**Exercise materials**
-=-=-

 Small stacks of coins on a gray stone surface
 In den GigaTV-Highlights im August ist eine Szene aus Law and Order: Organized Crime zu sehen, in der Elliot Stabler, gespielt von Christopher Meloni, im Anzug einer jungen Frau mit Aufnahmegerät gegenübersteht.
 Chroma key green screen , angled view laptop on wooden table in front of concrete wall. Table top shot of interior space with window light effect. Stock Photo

-=-=-

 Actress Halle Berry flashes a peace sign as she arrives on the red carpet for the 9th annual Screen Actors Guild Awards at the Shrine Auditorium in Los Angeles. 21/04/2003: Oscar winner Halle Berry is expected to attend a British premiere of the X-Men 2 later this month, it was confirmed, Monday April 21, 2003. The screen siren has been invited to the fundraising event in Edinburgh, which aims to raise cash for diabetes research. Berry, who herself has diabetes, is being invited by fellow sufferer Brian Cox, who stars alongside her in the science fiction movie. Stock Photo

-=-=-

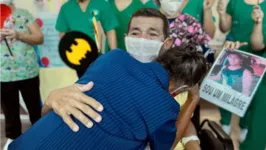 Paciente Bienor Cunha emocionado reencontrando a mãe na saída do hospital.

-=-=-

**Your task**
Scan the records above for the lines holding "Small stacks of" and "Chroma key green". Transcribe those two and every line between them word for word, and no others.

**Solution**
 Small stacks of coins on a gray stone surface
 In den GigaTV-Highlights im August ist eine Szene aus Law and Order: Organized Crime zu sehen, in der Elliot Stabler, gespielt von Christopher Meloni, im Anzug einer jungen Frau mit Aufnahmegerät gegenübersteht.
 Chroma key green screen , angled view laptop on wooden table in front of concrete wall. Table top shot of interior space with window light effect. Stock Photo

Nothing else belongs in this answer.